**** Records for this exercise

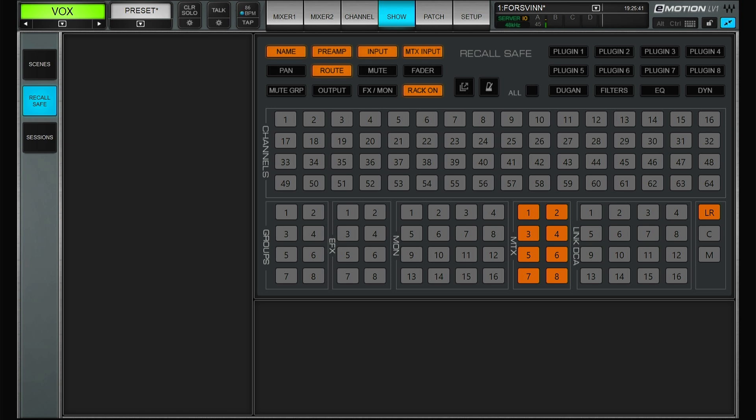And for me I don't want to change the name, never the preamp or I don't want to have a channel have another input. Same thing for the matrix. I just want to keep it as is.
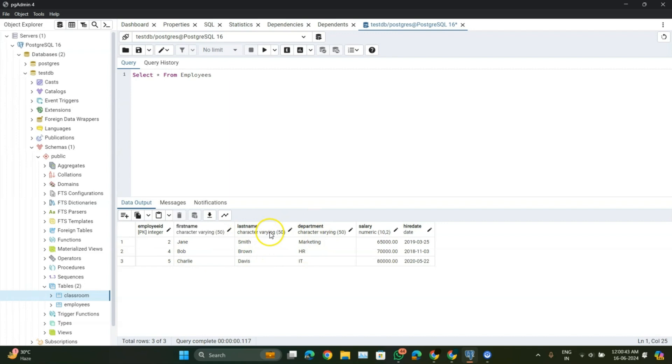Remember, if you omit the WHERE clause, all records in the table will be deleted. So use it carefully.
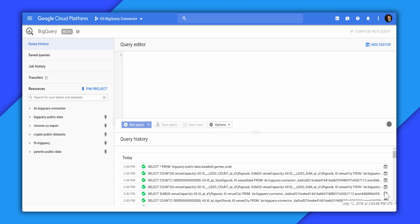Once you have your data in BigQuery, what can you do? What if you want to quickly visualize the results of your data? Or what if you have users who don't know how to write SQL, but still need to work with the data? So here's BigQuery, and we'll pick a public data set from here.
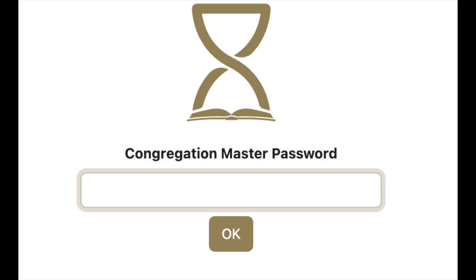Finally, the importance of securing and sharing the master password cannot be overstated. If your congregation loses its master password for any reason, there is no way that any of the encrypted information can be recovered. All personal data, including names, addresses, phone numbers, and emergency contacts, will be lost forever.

********
**** Records for this exercise

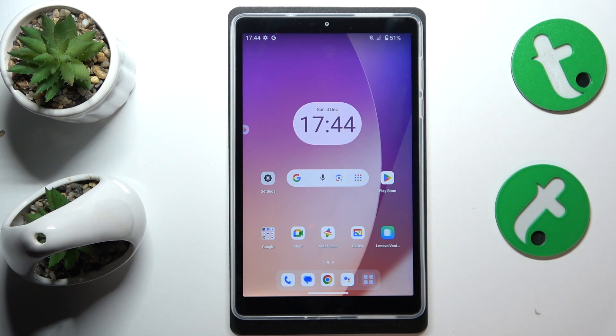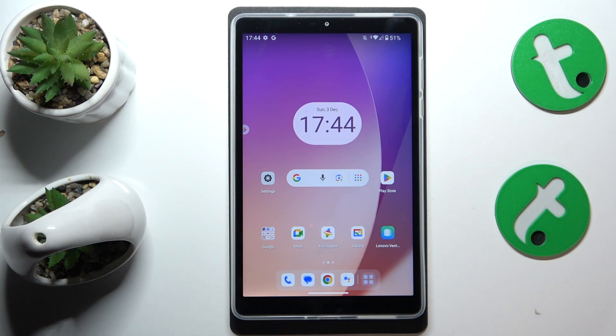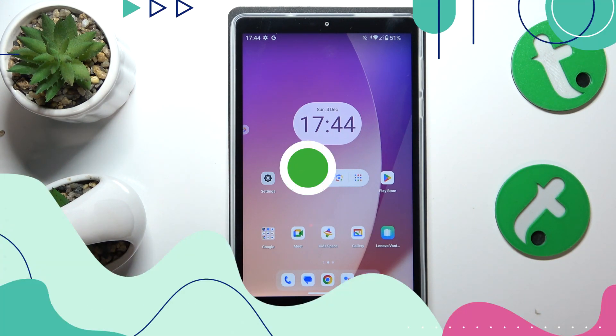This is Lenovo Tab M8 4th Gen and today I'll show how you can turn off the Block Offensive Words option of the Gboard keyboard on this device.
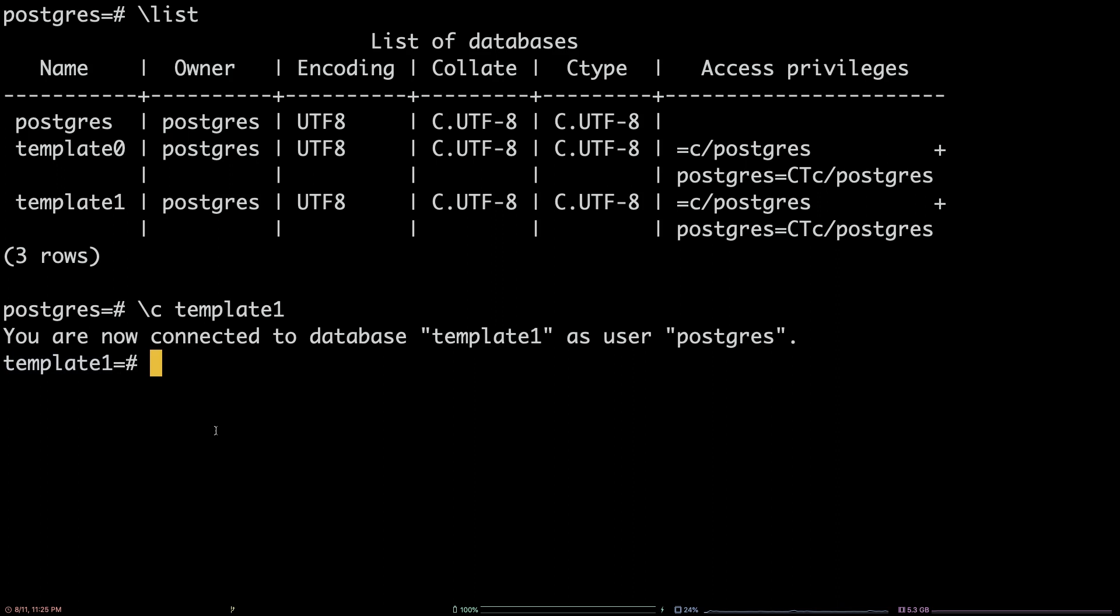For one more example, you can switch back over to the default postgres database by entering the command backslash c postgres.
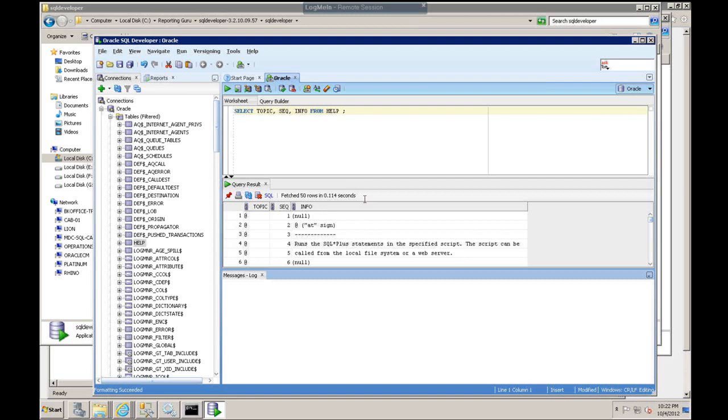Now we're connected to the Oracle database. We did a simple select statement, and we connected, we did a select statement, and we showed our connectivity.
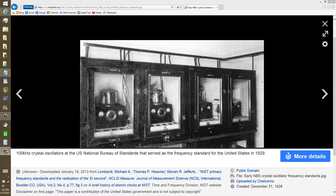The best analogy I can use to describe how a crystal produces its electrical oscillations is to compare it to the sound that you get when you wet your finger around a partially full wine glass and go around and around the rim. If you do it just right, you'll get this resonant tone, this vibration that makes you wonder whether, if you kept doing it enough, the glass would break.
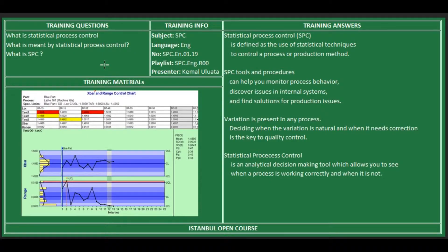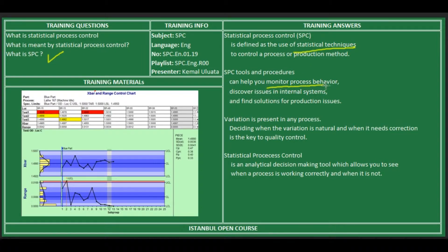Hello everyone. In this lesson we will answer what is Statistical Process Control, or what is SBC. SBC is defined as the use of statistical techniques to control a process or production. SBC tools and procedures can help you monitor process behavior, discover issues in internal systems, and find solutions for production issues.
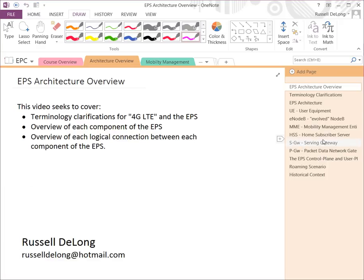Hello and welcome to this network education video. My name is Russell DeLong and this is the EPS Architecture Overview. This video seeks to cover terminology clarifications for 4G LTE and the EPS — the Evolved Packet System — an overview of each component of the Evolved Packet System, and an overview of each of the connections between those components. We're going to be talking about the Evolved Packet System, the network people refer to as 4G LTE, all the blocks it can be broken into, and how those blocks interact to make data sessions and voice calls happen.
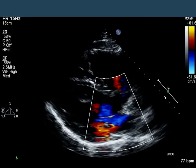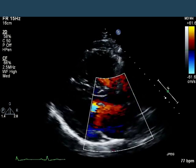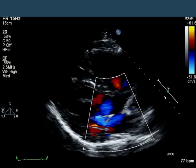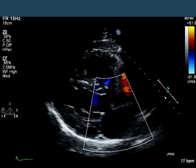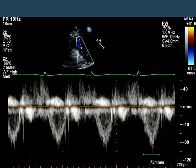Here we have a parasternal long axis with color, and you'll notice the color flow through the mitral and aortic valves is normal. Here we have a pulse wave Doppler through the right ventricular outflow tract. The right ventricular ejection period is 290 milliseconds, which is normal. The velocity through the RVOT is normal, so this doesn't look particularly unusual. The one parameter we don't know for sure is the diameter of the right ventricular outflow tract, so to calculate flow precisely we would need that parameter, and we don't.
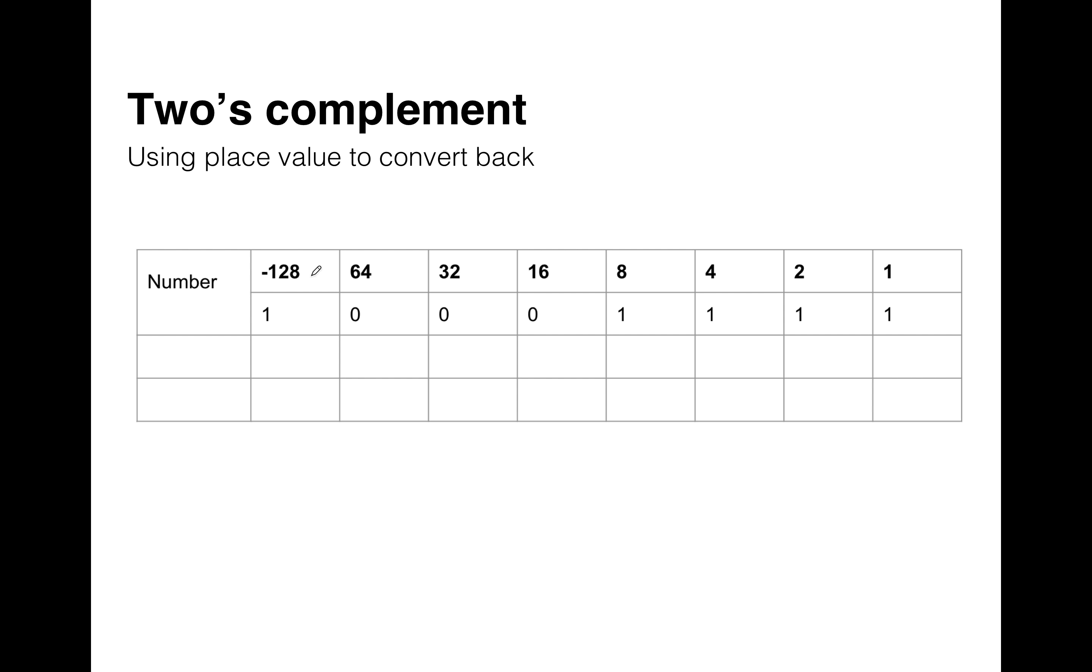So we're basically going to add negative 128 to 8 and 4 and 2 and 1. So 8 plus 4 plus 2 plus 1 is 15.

********

- _Task_: With the pictures omitted, restate word for word the lines above from the line that has "Now we're connected" up to and including the line that has "So we're basically", and no other lines.

- _Finished task_:
Now we're connected to the Oracle database. We did a simple select statement, and we connected, we did a select statement, and we showed our connectivity.
The best analogy I can use to describe how a crystal produces its electrical oscillations is to compare it to the sound that you get when you wet your finger around a partially full wine glass and go around and around the rim. If you do it just right, you'll get this resonant tone, this vibration that makes you wonder whether, if you kept doing it enough, the glass would break.
Hello everyone. In this lesson we will answer what is Statistical Process Control, or what is SBC. SBC is defined as the use of statistical techniques to control a process or production. SBC tools and procedures can help you monitor process behavior, discover issues in internal systems, and find solutions for production issues.
Hello and welcome to this network education video. My name is Russell DeLong and this is the EPS Architecture Overview. This video seeks to cover terminology clarifications for 4G LTE and the EPS — the Evolved Packet System — an overview of each component of the Evolved Packet System, and an overview of each of the connections between those components. We're going to be talking about the Evolved Packet System, the network people refer to as 4G LTE, all the blocks it can be broken into, and how those blocks interact to make data sessions and voice calls happen.
Here we have a parasternal long axis with color, and you'll notice the color flow through the mitral and aortic valves is normal. Here we have a pulse wave Doppler through the right ventricular outflow tract. The right ventricular ejection period is 290 milliseconds, which is normal. The velocity through the RVOT is normal, so this doesn't look particularly unusual. The one parameter we don't know for sure is the diameter of the right ventricular outflow tract, so to calculate flow precisely we would need that parameter, and we don't.
So we're basically going to add negative 128 to 8 and 4 and 2 and 1. So 8 plus 4 plus 2 plus 1 is 15.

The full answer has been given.